Directions for this task: Could you repeat exactly the lines from the one containing "10pcs Double Hook" through the last line of the records, with no pictures?

The data:
::::
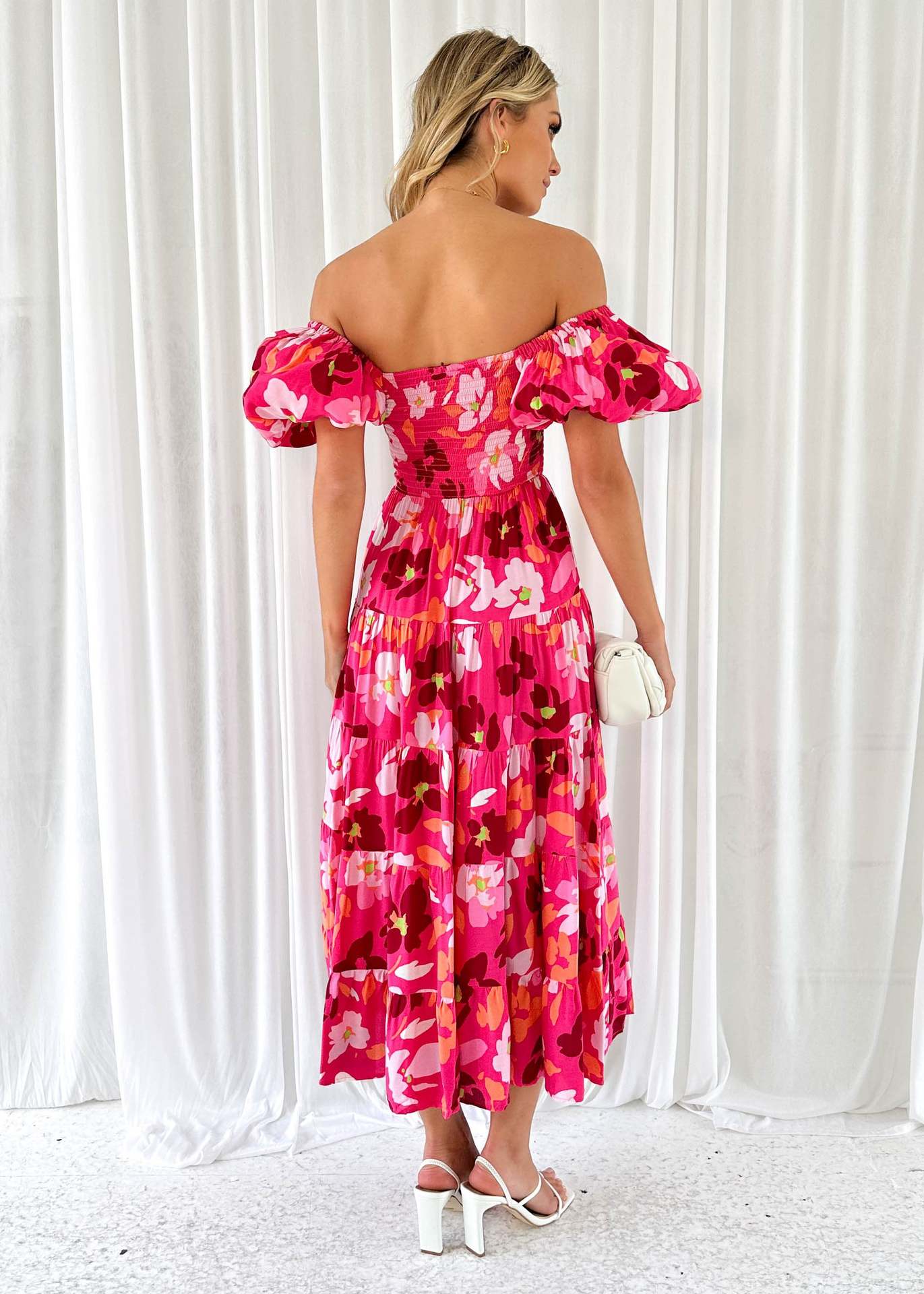 Offshoulder Printed Bubble Sleeve Dress for Women
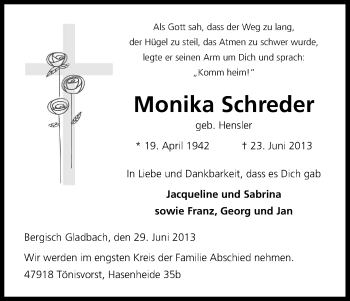 Anzeige von Monika Schreder von Kölner Stadt-Anzeiger / Kölnische Rundschau / Express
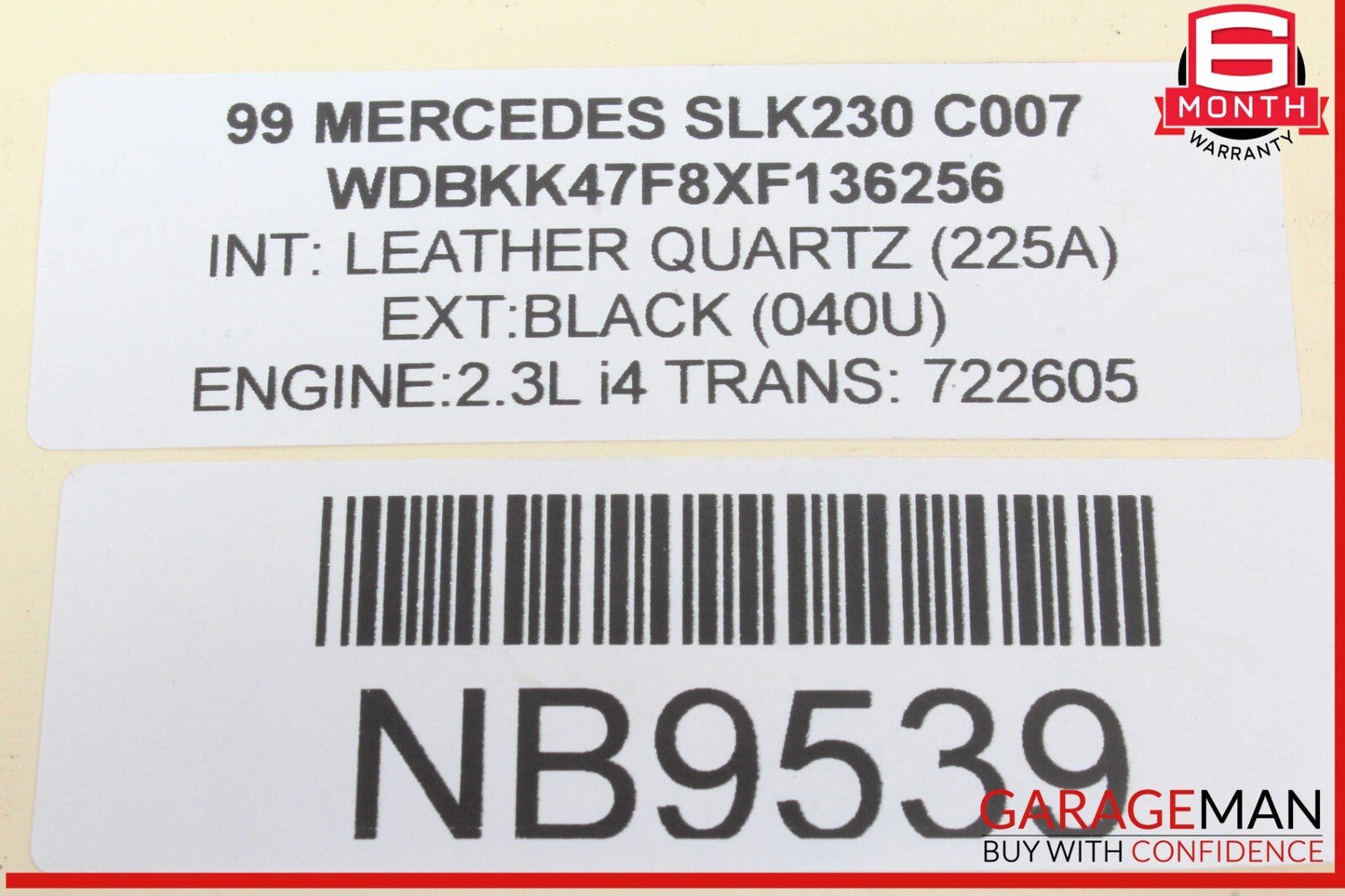 97-04 Mercedes R170 SLK230 SLK320 Right Passenger Side Seat Belt Seatbelt Black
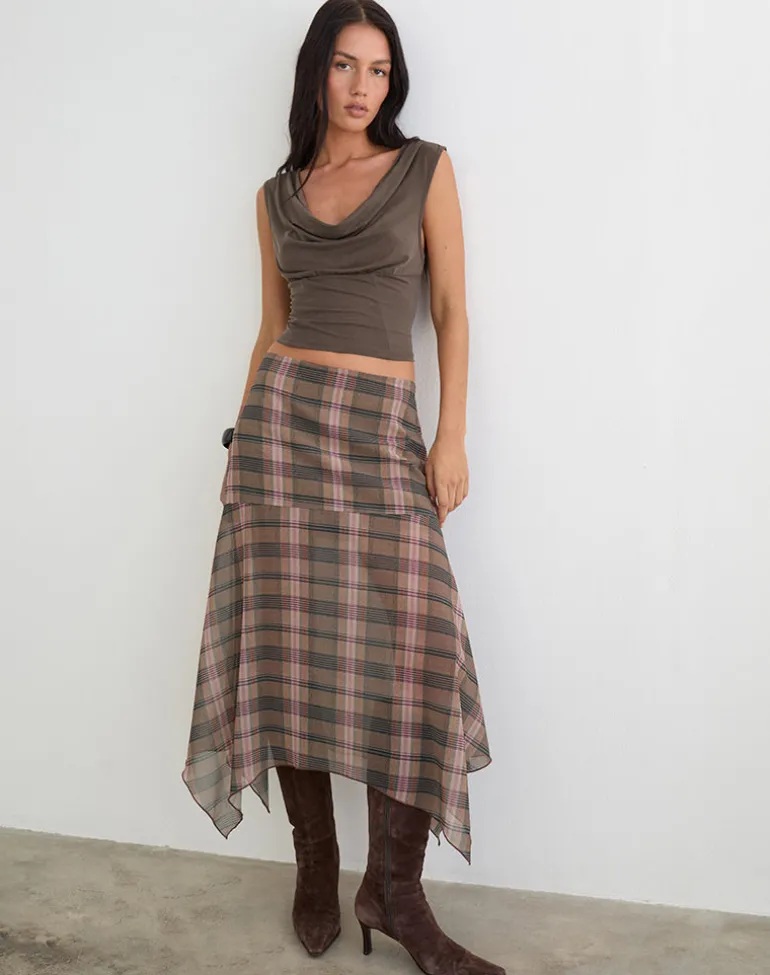 Sedra Midi Skirt in Brown and Pink Blurry Check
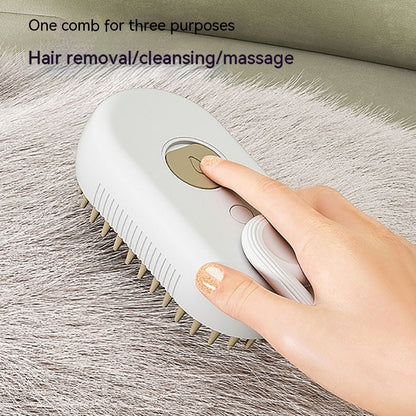 3-in-1 Electric Steam Pet Brush – Spray Grooming & Hair Removal Comb for Cats & Dogs 🐾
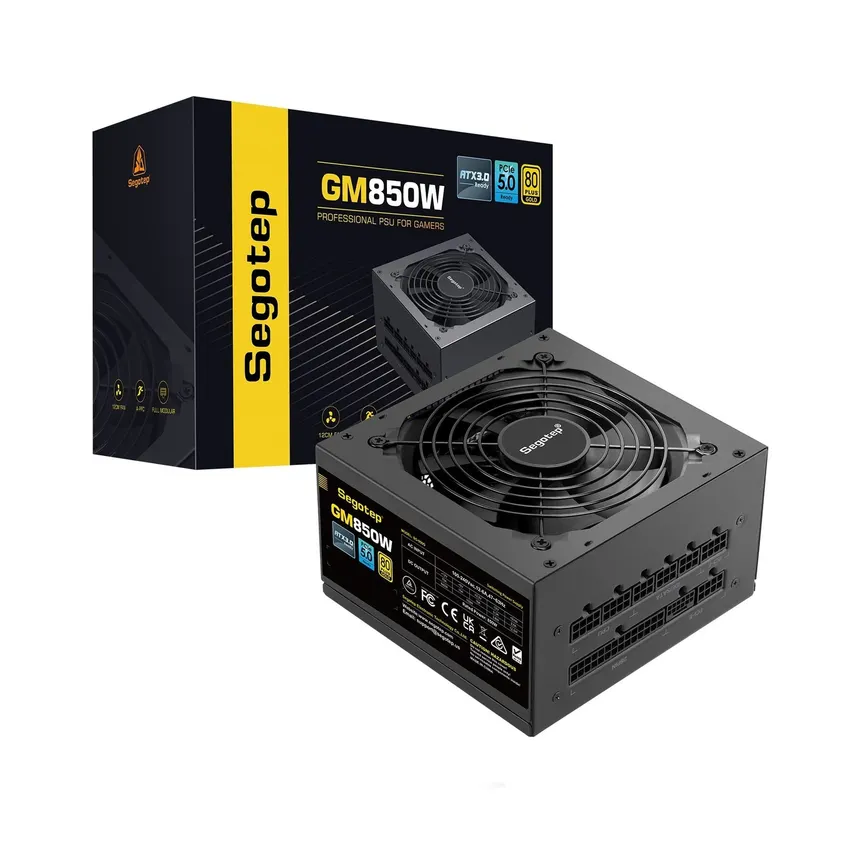 Segotep GM850 850W Power Supply, 80 Plus Gold Certified, PCIe 5.1 & ATX 3.1 Black / White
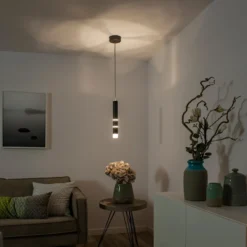 LED-Hängeleuchte PURE Vega, ein Zylinder, schwarz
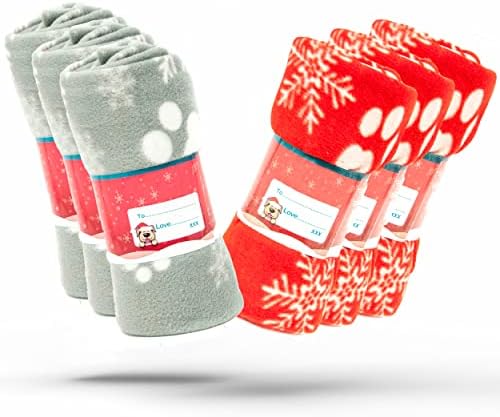 4 X Dog Blankets Washable Snowflake Paw Prints Dog Presents | Pet Blanket for Cat Soft Warm Dog Fleece Puppy Cat Blanket (70cm X 73cm, RED and GREY (Pack of 4))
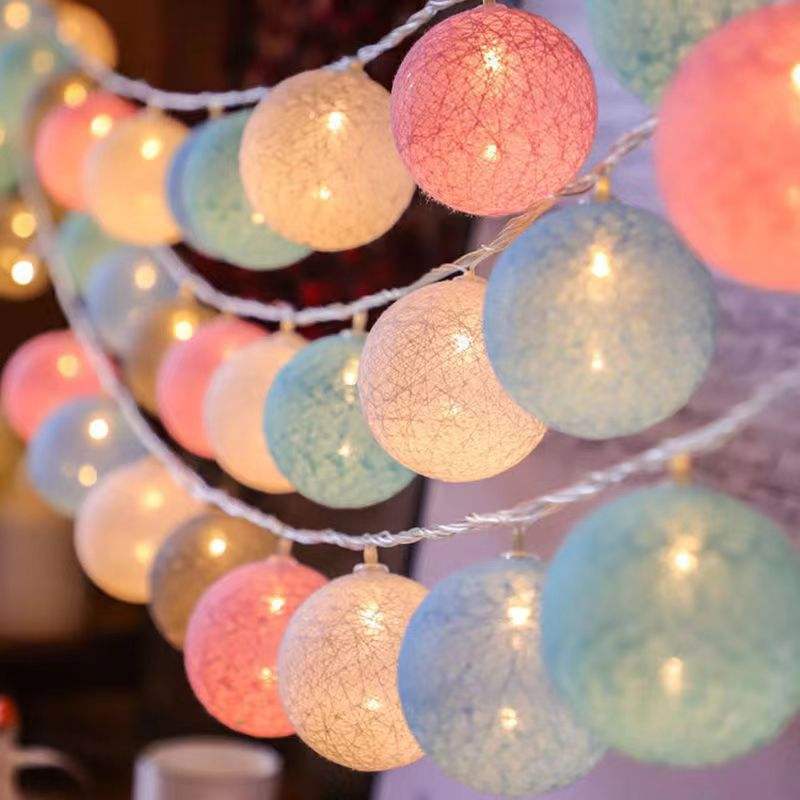10Pcs Pastel Cotton Ball LED String Lights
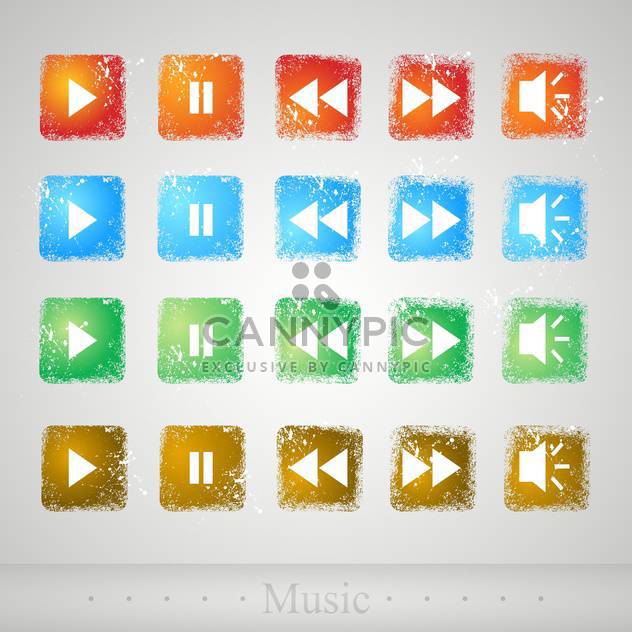 Multimedia colorful buttons on grey background - Free vector #130594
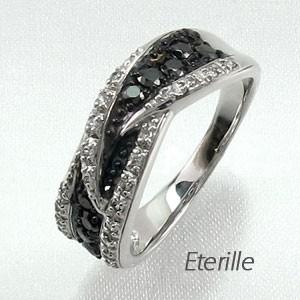 ブラックダイヤモンド リング 指輪 ダイヤ パヴェ カーブ ウェーブ  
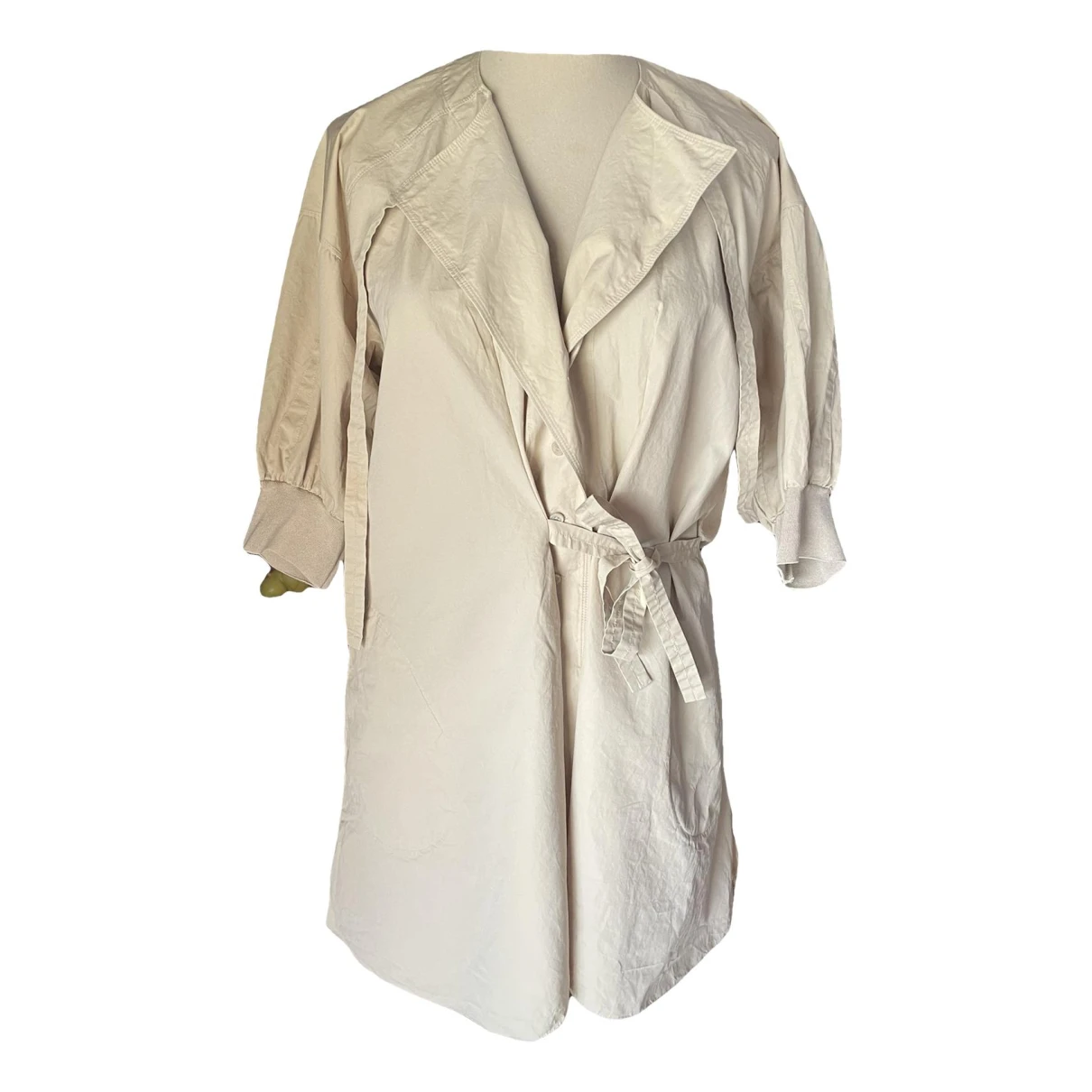 Pre-owned Chloé Silk Mid-length Dress In Beige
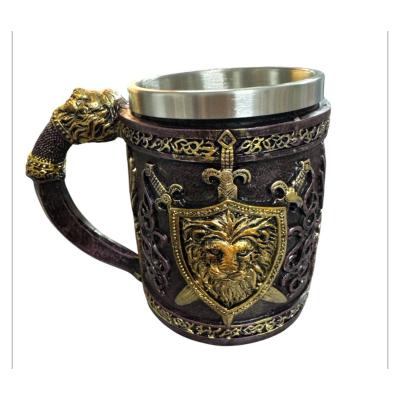 Mitolojik Aslan Büstü Tasarımlı Çelik Kupa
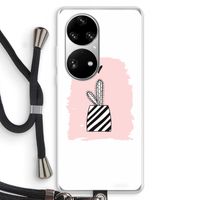 Zwart-wit cactus: Huawei P50 Pro Transparant Hoesje met koord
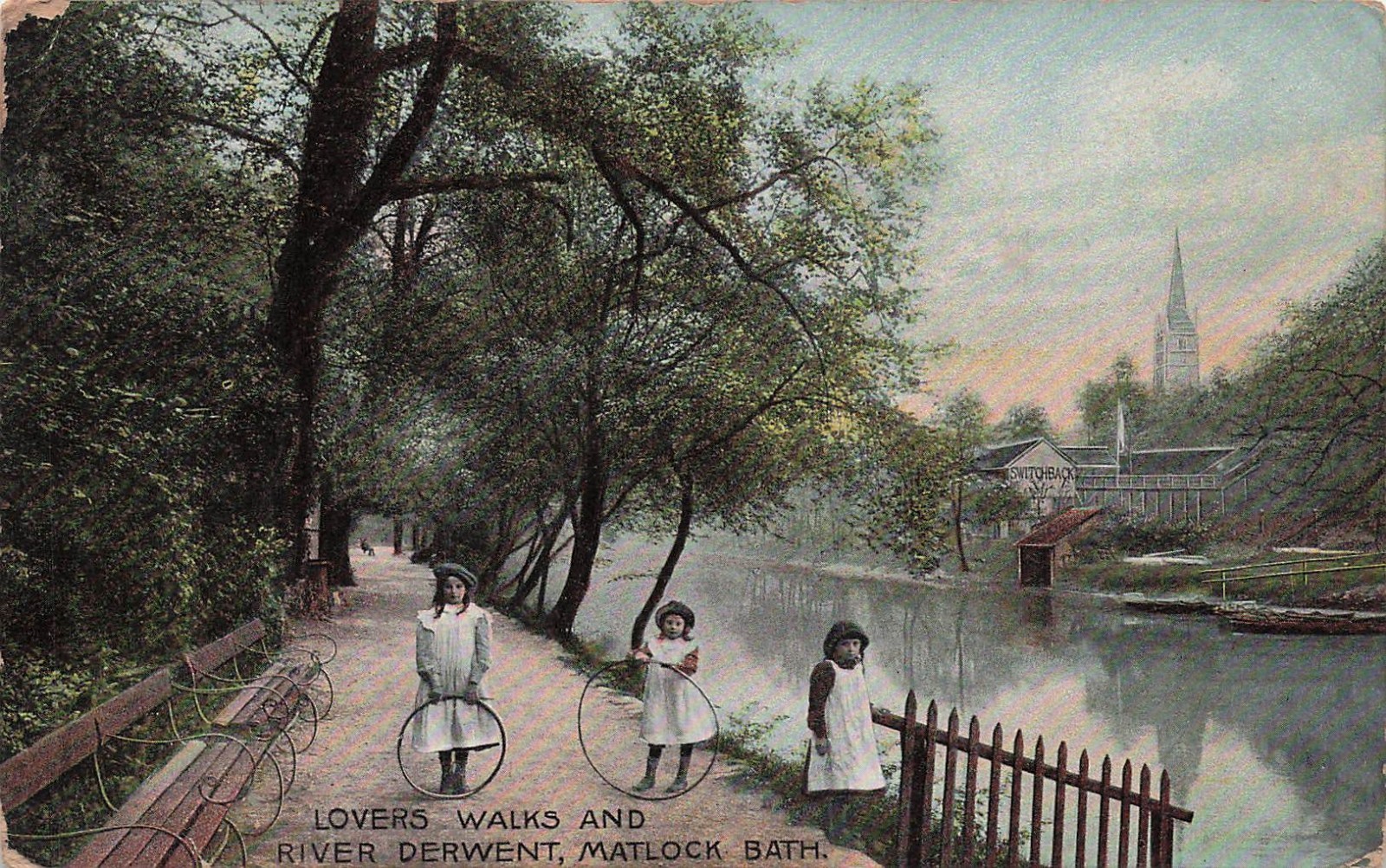 Matlock Bath England River Derwent Lovers Walk Vtg Postcard J57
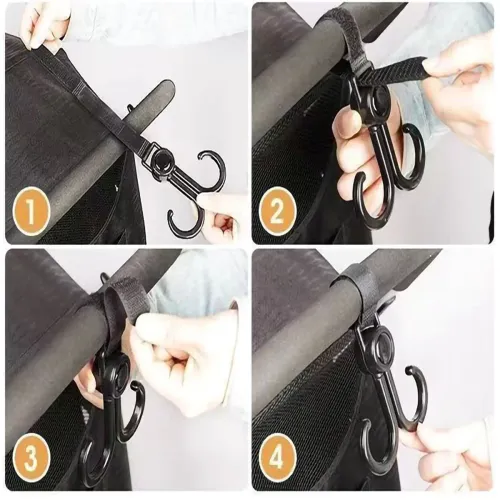 10pcs Double Hook Baby Stroller Hanger 360-degree Rotation Adjustment Cart Hook and Loop Fastener Stroller Accessories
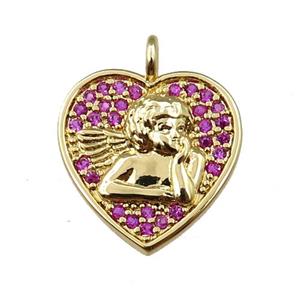 copper heart pendant pave zircon, angel, gold plated, approx 14mm [FN21595]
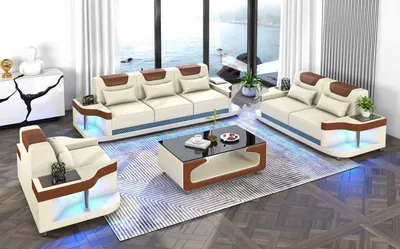 Produktbild von Sofagarnitur Kunstleder Sofas Beige Set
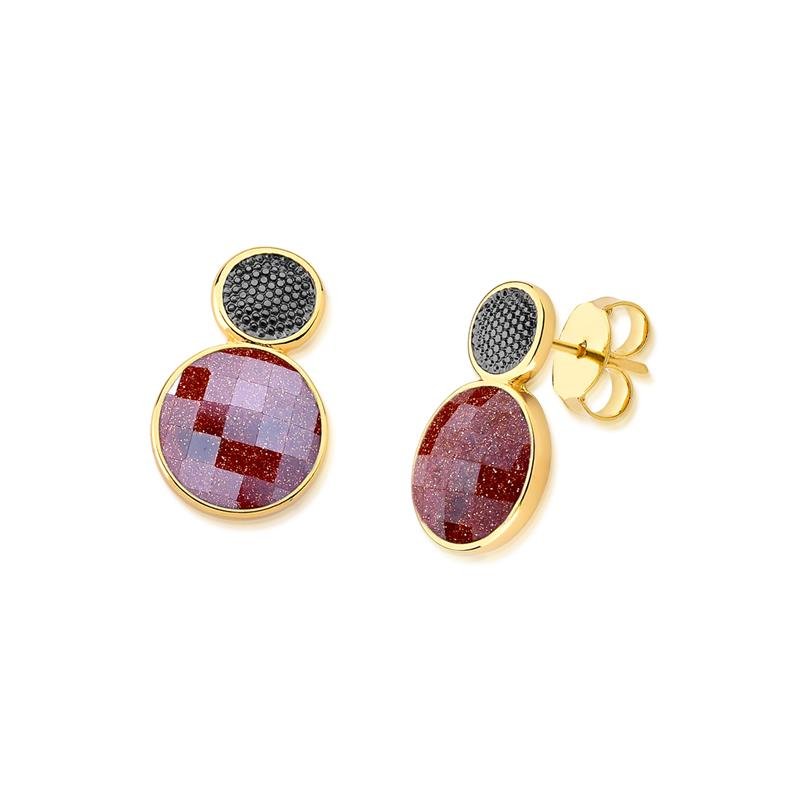 Brinco Brilhato Facetada Perolada 2,4 cm — Ouro e Ródio Negro — Sol Perolada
::::
Answer section:
 10pcs Double Hook Baby Stroller Hanger 360-degree Rotation Adjustment Cart Hook and Loop Fastener Stroller Accessories
 copper heart pendant pave zircon, angel, gold plated, approx 14mm [FN21595]
 Produktbild von Sofagarnitur Kunstleder Sofas Beige Set
 Brinco Brilhato Facetada Perolada 2,4 cm — Ouro e Ródio Negro — Sol Perolada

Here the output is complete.